Le film est produit par le studio SignalMD, qui nous avait pondu le médiocre Hirune Hime il y a quelques temps. C’est plutôt sympa pour un film malgré des CG omniprésents. On note la présence au chara-design de l’illustrateur russe Iiya Kuvshinov, qui commence à se faire remarquer puisqu’il va travailler sur les nouveaux OAV de Ghost in the Shell qui sortiront sur Netflix prochainement. Cela dit en dehors des petits cercles blancs à l’intérieur des yeux des personnages je ne vois pas trop la différence avec un chara-design d’anime ordinaire ; c’est bien d’aller chercher des artistes venus d’horizons différents mais si le résultat ressemble à n’importe quel autre anime alors ça ne sert à rien. Le plus réussi dans ce film ce sont peut-être les décors, qui ont un aspect à la fois détaillé et minimaliste agréable à l’œil mais pas suffisamment marqué pour donner une vraie patte au film qui dont il ressort finalement une grande banalité.

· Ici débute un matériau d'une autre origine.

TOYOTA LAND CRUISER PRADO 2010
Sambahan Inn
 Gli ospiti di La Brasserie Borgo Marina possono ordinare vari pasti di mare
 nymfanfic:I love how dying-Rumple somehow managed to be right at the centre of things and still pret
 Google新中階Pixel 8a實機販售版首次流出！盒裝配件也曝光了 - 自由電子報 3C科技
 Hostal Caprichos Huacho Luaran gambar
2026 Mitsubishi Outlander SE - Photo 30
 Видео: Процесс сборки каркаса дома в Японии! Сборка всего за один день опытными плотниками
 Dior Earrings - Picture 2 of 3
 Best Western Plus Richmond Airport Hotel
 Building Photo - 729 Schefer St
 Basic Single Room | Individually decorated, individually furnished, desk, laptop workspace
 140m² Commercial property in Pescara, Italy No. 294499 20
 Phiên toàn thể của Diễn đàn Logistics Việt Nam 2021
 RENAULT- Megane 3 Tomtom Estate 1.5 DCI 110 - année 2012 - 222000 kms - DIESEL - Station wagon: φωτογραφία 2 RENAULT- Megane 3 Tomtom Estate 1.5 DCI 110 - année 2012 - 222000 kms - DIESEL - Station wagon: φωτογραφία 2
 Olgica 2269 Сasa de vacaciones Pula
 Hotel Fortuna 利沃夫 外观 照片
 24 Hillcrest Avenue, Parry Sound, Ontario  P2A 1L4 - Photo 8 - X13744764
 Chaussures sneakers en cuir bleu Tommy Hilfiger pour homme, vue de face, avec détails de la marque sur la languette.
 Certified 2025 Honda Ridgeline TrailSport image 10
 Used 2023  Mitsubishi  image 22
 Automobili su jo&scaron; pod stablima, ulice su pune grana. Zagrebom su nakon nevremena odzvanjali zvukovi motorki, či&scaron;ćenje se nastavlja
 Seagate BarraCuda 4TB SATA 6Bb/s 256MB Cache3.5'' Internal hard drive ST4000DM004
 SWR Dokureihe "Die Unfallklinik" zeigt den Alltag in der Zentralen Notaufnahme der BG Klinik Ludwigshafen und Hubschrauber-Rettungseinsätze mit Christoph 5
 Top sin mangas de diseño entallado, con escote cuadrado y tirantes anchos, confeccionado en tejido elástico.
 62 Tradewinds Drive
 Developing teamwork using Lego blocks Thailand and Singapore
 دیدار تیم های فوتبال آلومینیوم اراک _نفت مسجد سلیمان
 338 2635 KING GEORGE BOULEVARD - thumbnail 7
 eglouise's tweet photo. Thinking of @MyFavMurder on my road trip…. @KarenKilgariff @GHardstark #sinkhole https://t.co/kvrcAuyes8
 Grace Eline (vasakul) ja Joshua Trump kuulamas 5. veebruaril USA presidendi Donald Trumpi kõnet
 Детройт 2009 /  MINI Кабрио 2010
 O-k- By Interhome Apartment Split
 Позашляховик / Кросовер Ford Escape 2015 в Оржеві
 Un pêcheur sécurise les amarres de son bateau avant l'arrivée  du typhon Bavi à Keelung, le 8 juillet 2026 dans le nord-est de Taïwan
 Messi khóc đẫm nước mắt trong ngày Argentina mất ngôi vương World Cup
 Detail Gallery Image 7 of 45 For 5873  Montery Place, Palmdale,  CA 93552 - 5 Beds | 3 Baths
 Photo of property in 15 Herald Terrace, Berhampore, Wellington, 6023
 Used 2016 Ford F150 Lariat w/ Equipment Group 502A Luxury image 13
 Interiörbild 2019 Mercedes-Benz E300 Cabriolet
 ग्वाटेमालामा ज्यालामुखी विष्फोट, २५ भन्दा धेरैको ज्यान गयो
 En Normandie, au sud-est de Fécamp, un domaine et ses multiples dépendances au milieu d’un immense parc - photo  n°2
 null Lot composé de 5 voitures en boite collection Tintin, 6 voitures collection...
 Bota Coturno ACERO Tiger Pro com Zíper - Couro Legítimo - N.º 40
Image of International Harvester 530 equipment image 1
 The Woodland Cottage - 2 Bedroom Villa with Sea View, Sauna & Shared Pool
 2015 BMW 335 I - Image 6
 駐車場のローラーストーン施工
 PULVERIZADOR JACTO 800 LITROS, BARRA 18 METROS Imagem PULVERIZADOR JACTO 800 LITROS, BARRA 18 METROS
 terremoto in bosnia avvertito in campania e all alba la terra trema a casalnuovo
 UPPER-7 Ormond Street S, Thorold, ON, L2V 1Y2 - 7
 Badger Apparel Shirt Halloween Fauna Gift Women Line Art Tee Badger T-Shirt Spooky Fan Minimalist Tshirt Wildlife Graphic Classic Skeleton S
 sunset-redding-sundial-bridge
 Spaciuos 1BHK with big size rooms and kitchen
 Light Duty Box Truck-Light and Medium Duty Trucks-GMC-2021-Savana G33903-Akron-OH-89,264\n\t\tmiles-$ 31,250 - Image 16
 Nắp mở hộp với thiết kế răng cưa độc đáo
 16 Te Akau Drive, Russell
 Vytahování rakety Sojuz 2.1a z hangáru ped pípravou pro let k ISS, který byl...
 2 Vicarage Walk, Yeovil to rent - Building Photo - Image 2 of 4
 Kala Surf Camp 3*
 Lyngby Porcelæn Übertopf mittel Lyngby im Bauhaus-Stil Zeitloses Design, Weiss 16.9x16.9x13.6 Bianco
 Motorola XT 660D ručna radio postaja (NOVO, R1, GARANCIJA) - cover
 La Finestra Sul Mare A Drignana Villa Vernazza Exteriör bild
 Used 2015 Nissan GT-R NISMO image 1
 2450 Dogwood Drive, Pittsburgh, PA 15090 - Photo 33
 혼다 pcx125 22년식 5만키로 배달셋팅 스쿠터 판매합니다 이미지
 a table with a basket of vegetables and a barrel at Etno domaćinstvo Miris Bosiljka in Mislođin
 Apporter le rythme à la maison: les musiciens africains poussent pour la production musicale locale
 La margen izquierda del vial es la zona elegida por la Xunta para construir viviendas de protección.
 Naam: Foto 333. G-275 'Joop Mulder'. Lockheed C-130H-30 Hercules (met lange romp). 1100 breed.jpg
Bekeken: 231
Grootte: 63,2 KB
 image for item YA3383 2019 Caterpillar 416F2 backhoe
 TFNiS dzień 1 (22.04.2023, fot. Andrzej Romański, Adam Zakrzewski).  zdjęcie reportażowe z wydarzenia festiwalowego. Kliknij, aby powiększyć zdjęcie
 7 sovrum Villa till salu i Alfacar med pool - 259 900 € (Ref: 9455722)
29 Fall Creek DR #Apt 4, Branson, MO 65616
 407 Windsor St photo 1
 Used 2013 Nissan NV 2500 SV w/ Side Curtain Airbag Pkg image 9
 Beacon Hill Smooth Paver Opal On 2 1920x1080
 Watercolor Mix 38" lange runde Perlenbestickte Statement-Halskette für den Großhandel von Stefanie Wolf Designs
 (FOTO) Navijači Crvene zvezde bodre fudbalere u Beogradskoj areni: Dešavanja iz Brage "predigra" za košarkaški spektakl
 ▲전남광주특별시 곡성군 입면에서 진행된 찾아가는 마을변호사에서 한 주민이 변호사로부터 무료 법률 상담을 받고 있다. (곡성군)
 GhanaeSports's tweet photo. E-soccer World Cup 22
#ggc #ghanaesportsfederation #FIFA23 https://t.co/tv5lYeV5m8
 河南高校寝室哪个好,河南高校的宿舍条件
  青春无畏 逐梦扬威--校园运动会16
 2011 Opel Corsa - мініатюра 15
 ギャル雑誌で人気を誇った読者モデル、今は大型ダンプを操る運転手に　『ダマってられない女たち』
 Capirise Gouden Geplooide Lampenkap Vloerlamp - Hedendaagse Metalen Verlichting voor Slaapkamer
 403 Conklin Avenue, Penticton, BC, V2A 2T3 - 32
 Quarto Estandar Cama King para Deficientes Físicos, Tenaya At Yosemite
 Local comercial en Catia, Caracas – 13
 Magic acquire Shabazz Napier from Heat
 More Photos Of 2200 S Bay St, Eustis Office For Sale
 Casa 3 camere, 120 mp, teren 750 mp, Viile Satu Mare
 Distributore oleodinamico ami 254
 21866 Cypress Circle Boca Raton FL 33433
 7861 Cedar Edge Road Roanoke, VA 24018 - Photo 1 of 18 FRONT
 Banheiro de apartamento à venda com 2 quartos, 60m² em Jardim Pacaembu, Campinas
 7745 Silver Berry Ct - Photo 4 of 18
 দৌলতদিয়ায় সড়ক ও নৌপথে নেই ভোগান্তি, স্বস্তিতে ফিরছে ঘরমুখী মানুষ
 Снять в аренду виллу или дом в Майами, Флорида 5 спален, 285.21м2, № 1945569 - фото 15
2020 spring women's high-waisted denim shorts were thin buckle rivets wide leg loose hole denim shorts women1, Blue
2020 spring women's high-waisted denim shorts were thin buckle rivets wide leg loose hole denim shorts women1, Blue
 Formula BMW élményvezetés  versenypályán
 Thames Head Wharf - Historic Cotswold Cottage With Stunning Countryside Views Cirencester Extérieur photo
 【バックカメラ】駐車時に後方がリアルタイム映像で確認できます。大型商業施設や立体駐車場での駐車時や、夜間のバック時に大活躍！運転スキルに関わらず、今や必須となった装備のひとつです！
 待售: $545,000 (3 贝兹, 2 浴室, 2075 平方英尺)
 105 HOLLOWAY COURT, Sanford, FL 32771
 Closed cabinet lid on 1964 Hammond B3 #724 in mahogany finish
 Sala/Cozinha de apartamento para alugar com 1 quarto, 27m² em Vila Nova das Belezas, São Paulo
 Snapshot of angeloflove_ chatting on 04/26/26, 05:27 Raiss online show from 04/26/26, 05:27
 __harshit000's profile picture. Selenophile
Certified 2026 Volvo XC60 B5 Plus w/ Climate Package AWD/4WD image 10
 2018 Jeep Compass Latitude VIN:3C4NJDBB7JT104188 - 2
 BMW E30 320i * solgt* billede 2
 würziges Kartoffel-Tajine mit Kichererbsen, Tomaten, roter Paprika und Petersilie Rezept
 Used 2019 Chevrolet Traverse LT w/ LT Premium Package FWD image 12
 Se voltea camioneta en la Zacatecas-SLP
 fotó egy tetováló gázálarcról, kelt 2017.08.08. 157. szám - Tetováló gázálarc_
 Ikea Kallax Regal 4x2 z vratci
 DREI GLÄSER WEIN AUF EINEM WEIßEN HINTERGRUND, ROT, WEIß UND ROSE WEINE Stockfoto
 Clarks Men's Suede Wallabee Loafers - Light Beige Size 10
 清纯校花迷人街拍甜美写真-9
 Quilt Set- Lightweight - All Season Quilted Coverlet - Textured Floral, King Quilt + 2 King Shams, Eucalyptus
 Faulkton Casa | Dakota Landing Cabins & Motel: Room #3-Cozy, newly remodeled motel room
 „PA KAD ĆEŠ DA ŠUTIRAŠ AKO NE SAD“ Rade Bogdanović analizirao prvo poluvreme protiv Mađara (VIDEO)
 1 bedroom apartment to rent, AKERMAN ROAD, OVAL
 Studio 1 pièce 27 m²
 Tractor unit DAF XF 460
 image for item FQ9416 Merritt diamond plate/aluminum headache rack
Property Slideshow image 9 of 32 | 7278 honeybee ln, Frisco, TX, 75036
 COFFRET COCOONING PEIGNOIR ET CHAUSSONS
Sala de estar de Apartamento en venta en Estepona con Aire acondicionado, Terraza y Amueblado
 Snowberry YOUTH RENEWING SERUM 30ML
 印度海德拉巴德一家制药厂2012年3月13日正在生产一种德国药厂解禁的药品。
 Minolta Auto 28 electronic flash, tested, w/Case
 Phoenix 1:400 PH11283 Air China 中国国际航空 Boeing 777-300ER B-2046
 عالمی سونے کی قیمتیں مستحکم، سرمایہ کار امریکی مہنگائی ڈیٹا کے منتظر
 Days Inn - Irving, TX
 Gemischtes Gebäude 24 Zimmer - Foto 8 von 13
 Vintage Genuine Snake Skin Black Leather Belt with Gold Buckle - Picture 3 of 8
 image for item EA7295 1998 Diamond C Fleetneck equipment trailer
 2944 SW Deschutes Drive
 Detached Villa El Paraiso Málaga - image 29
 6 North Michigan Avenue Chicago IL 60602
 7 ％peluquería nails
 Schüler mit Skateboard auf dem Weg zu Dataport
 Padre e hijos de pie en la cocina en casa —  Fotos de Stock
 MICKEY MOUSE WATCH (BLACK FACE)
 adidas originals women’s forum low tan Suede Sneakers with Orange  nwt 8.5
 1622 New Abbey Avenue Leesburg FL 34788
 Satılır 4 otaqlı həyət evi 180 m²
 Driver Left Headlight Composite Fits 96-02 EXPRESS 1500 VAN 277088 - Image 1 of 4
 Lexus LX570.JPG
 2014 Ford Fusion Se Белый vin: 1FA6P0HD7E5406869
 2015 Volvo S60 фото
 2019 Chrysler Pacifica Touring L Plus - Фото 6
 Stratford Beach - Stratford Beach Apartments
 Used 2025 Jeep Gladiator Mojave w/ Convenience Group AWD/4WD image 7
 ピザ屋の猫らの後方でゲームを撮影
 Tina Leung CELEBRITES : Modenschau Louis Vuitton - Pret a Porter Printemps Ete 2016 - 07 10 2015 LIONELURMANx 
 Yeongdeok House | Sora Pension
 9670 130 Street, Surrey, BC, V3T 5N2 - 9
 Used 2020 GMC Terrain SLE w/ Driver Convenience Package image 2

Birthday Wonderland est un film assez moyen mais surtout c’est un film produit pour de mauvaises raisons. Quand tu regardes les films précédents de Keiichi Hara et en particulier Un Eté avec Coo et Colorful, tu constates que ce qui intéresse ce mec c’est les drames familiaux et les sujets de société ; les contes pour enfants et les histoires de princesses et magiciens il en a rien à branler et ça se voit. Les producteurs cherchent à capter le public de Ghibli alors ils te sortent ça mais personne n’y croit à commencer par le réalisateur lui-même qui n’avait visiblement aucun intérêt pour son propre film. Et si lui s’en fout, pourquoi moi je devrais en avoir quelque chose à battre ? Il serait temps que les réalisateurs japonais laissent Miyazaki derrière eux et aillent de l’avant, sans quoi le cinéma d’animation continuera sa descente vers l’indifférence.